- Born: July 13, 1959 (age 66) Van Wert, Ohio, U.S.
- Genres: Country
- Occupations: Guitarist, songwriter
- Instruments: Guitar, six-string bass
- Years active: 1986–present

= Brent Mason =

American musician (born 1959)

Brent Mason (born July 13, 1959) is an American country music guitarist, songwriter and session musician.

Guitar World magazine listed Mason as one of the "Top Ten Session Guitarists of All Time". Discovered and mentored by Chet Atkins, Mason has been named "Guitarist of the Year" 12 times by the Academy of Country Music and was inducted into the Musicians Hall of Fame and Museum in 2019. In addition to releasing two instrumental studio albums, he holds several credits as a songwriter.

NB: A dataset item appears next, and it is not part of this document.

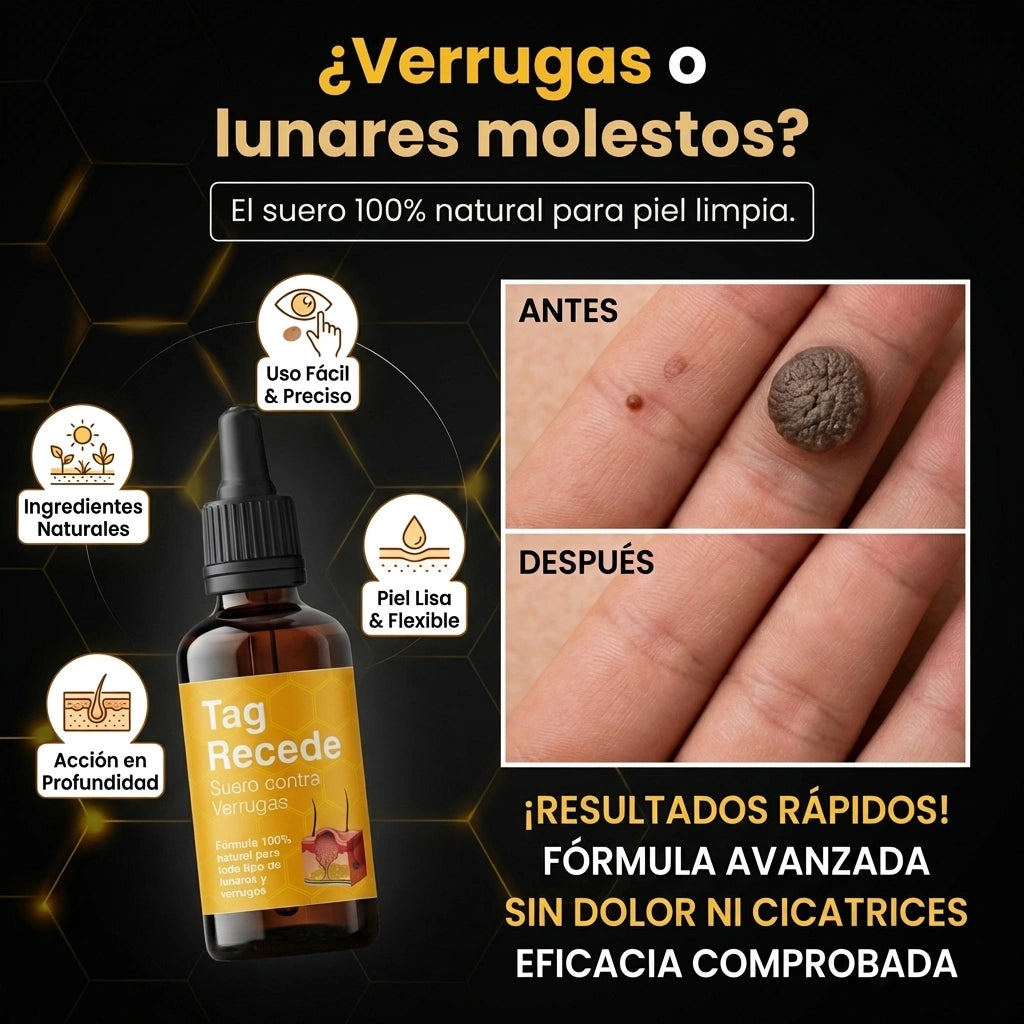TAG RECEDE- TRATAMIENTO PARA VERRUGAS Y LUNARES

He is a Grammy Award winner (2008) and a two-time winner of the CMA Award Musician of the Year. A line of "Brent Mason" guitar models has been marketed by two different guitar manufacturers. The "Stories Collection Brent Mason Telecaster" was launched August 11, 2020.

==Biography==
Brent Mason was born on July 13, 1959, in Van Wert, Ohio. At the age of five years, he taught himself to play guitar by ear. After graduating from high school, he moved to Nashville to pursue a career in country music. Early Nashville gigs included a stint with the Don Kelly Band, a cover band who performed at a Murfreesboro Road Honky-tonk, The Stagecoach Lounge.

Mason was eventually discovered by guitarist Chet Atkins, who invited him to play on his Stay Tuned album. From there, Mason has gone on to play on well over a thousand albums, including those of George Strait, Alan Jackson, Shania Twain, John Michael Montgomery, David Gates, Brooks & Dunn, Zac Brown Band, Scotty McCreary, Blake Shelton, Holly Dunn, Dude Mowrey, Ronna Reeves, Turner Nichols, Prescott-Brown, Randy Travis, Michelle Wright, Victoria Shaw, Martina McBride, Tim McGraw, Paul Brandt, Matt King, the Kinleys, Tracy Byrd, Trisha Yearwood, Chris Young, Hal Ketchum, Alabama, Reba McEntire, Jessica Andrews, Willie Nelson, Steve Wariner and Neil Diamond. Mason also co-wrote McBride & the Ride's "Hurry Sundown".

Mason signed to Mercury Records in 1997, releasing an instrumental album entitled Hot Wired the same year. This was his only major-label album. He made a decision to leave Mercury Records soon after to remain in Nashville and work in the recording studio as a session guitarist rather than spend most of his time on the road touring and away from his family. He and his brother Randy released a second album, entitled Smokin' Section, in 2006. At the 51st Grammy Awards, he and several other guitarists won the Grammy Award for Best Country Instrumental, for the track "Cluster Pluck" from Brad Paisley's mostly-instrumental album Play.

Although Brent works mainly as a studio musician, he has produced several albums to date for artists including Erin James, Tommy Dalton, Cindy Kvinlaug, and Evi Tausen and co-produced an album with Byron Gallimore for Clay Walker. In November 2013, Mason collaborated with online education site JamPlay.com to put together a series of guitar lessons for aspiring guitarists and members of JamPlay.

==Other contributions==
From 2003 to 2010, Valley Arts Guitar joined with Brent to create and manufacture the Valley Arts Brent Mason Signature Model Guitar, which was based on the Fender Telecaster design. In 2013, PRS Guitars launched the Brent Mason Signature Model Guitar. Wampler Pedals manufactures and sells the signature Brent Mason "Hot Wired" guitar effects pedal, currently on version 2. Mason authored an instructional course entitled "GuitarStar: Brent Mason Country" published by PG music in Victoria BC.

Mason was named one of the Top Ten Session Guitarists of All Time in Guitar World magazine. In the July 2016 issue of Taste of Country magazine, he was named one of the top guitarists in country music.

In 2020, Mason became an endorsed Fender artist with a production-line signature Fender Telecaster and a Limited Edition Fender Custom Shop Heavy Relic version handbuilt by Master Builder Kyle McMillin.

== Awards ==
- Country Music Association (CMA) Musician of the Year – 1997 and 1998.
- Nashville Music Awards – Guitarist of the Year – 1995.
- Academy of Country Music – Guitarist of the Year – 1993, 1994, 1995, 1996, 1997, 1998, 1999, 2000, 2001, 2004, 2006 and 2009.
- MusicRow Session Guitarist of the Year 1994, 1995, 1996, 1997, 1999, 2000, 2001, 2003, 2004 and 2010.
- National Thumbpickers Hall of Fame, 2011.
- Music City Allstars Award (the musician who has played on the most top-10 songs on the radio for the entire year.)